To suggest that American business is on the verge of cardiac arrest may be a bit premature. To suggest that it may be on the verge of asphyxiation is probably closer to the truth.
The pace of change has become so overwhelming and the increases in productivity have been so rapid that the average domestic enterprise is suffering from a form of economic whiplash. As I wrote in my book "Divide and Conquer: Targeting Your Customers Through Market Segmentation" (John Wiley & Sons, NY) a few years back, the mass market has now splintered into an unfathomable array of shard markets.
Nches have begotten sub-niches and micro niches and the concept of endless shelf-space combined by the efficiencies of eCommerce have totally changed the competitive landscape. The cultural differences between domestic and international markets are fast fading away. Everything is available all of the time. Scarcity has been replaced by abundance as the new value proposition. "Only a few more left," has been replaced by "All you want of everything there is."
It started in the music business as digital file sharing replaced Tower Records as the preferred answer to supply and demand. iTunes started out with 1.5 million titles and now it's up to 4 million.

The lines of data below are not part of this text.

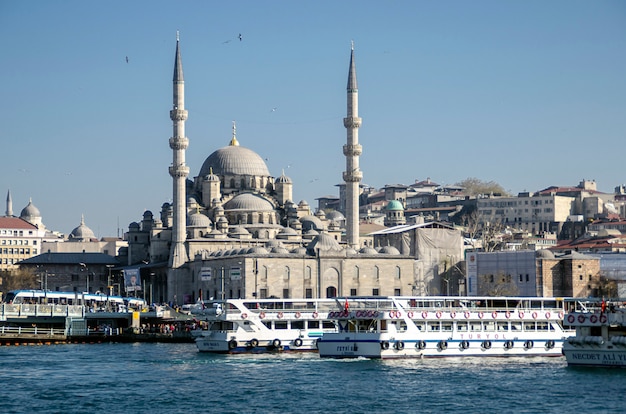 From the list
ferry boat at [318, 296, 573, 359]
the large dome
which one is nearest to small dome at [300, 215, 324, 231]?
the large dome

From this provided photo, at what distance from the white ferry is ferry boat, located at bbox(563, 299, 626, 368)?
505 inches

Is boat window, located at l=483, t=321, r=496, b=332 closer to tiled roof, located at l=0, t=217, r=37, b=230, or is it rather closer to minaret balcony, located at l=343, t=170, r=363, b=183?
minaret balcony, located at l=343, t=170, r=363, b=183

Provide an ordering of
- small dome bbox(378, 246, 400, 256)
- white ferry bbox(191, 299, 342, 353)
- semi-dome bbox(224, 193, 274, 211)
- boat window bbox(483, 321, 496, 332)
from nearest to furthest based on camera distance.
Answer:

And every one of those 4 million tunes is registering a sale at some point during each month.
Amazon is doing the same thing with books. Netflix is ditto on movie rentals. This has left the global 1000 with a big "Huh?" on their lips and a collective head-scratching jag that can't figure out what the hell comes next. What comes next is deceptively simple.
Humanity comes next. American business has squeezed every ounce of humanity out of its business models. Customer Service Reps read from pre-determined scripts. "Cost-to-serve" is the determining factor when it comes to whether toys make it to tots before Christmas Eve. And at the office, the corporate color palette defines the only colors allowed, while the corporate mission statement contains the only thoughts that count and corporate policy dictates the only actions allowed.

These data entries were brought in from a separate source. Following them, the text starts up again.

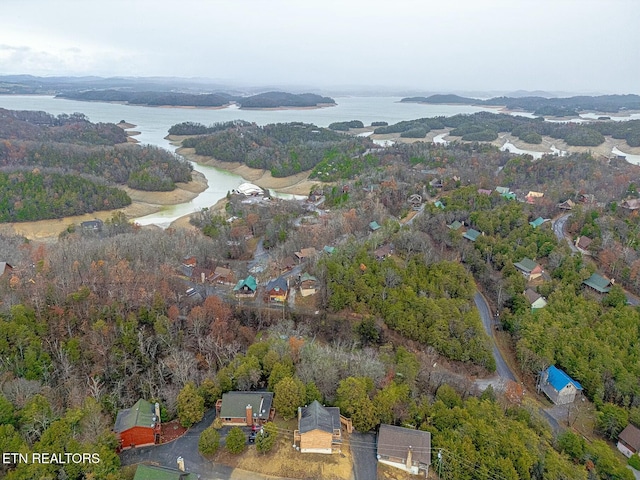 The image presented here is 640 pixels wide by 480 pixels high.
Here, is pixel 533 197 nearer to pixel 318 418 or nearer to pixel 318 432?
pixel 318 418

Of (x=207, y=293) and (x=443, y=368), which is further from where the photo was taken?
(x=207, y=293)

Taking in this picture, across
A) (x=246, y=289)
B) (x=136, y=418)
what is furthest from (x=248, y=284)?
(x=136, y=418)

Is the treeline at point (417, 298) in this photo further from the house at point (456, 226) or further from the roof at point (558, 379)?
the house at point (456, 226)

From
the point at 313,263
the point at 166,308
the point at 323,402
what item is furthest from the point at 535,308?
the point at 166,308

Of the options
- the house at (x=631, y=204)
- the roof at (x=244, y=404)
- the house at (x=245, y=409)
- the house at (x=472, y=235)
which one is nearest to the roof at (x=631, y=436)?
the house at (x=245, y=409)

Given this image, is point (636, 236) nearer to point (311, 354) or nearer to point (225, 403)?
point (311, 354)

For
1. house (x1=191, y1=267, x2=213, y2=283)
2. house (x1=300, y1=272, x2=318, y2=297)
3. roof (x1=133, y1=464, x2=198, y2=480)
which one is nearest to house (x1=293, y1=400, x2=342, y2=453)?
roof (x1=133, y1=464, x2=198, y2=480)

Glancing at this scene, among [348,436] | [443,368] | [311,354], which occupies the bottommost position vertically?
[443,368] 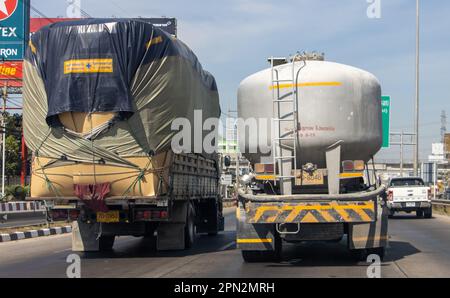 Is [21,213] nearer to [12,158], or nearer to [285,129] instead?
[285,129]

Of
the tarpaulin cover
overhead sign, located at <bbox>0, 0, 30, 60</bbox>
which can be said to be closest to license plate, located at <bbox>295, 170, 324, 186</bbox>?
the tarpaulin cover

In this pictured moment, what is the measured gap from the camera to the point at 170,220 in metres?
13.3

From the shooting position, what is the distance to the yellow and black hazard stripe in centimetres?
1034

So outside the citadels of commerce the landscape is becoming more and more diverse by the millisecond. Inside the walls of the ivory towers of business, every possible act of humanism is being polished and burnished away in favor of the pristine façade.

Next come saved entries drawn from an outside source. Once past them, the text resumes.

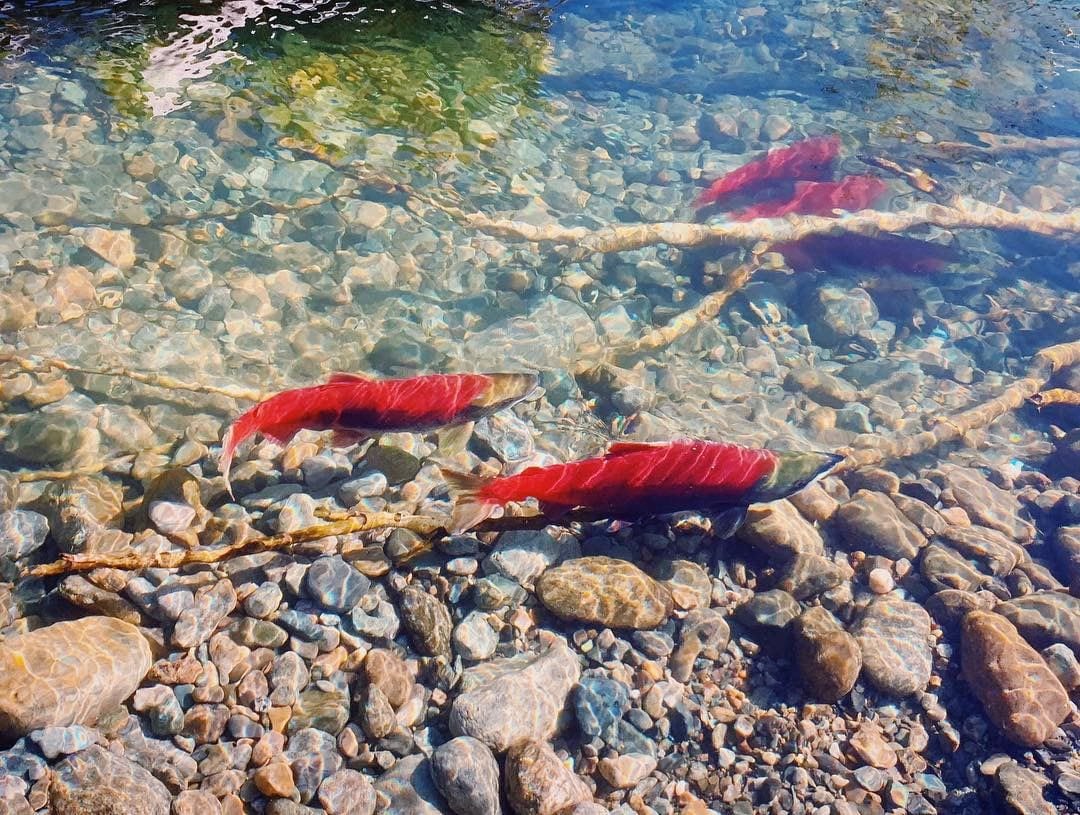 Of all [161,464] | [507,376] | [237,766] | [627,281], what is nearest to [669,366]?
[627,281]

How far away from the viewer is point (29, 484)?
14.8 feet

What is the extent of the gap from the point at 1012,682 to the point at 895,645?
2.10ft

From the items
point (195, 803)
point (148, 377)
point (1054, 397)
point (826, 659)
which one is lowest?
point (1054, 397)

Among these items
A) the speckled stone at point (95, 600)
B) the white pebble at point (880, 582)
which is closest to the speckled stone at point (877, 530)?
the white pebble at point (880, 582)

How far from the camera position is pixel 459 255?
711cm

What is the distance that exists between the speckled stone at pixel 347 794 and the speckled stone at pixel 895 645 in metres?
3.00

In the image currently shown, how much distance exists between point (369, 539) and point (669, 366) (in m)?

Outside, life expands human potential. Inside, control strangles human potential. And as a result, new corporate entities rise like Netflix and others cease to exist like UPN. What did Netflix realize that UPN overlooked? Simple. One size no longer fits all. UPN was devised to be an alternative to the big three networks. But as an alternative, the best it could offer was a shabby second to the networks whose programming limitations were already out of tune with newer audiences.
UPN's programmers still believed the answer could be found in the 1500 Nielsen households that make up the pitiful rating system by which American business tosses away billions a year in useless advertising dollars. Nielsen does not breathe life into television programming. Nielsen breaths stale air into a brain dead ecosystem of moribund mediocrity.
The same can be said about the handful of writers and producers that feed the surviving broadcast and cable networks. Garbage in. Garbage out.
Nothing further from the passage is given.